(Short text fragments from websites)
──────────────────────────────
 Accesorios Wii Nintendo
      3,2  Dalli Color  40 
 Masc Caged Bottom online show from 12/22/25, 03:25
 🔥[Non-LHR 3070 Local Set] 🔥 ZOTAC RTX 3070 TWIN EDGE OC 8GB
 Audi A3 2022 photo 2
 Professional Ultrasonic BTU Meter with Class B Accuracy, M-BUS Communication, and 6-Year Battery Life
──────────────────────────────
Problem to work on: Each record shown above is to be given again exactly.

The completed task:
 Accesorios Wii Nintendo
      3,2  Dalli Color  40 
 Masc Caged Bottom online show from 12/22/25, 03:25
 🔥[Non-LHR 3070 Local Set] 🔥 ZOTAC RTX 3070 TWIN EDGE OC 8GB
 Audi A3 2022 photo 2
 Professional Ultrasonic BTU Meter with Class B Accuracy, M-BUS Communication, and 6-Year Battery Life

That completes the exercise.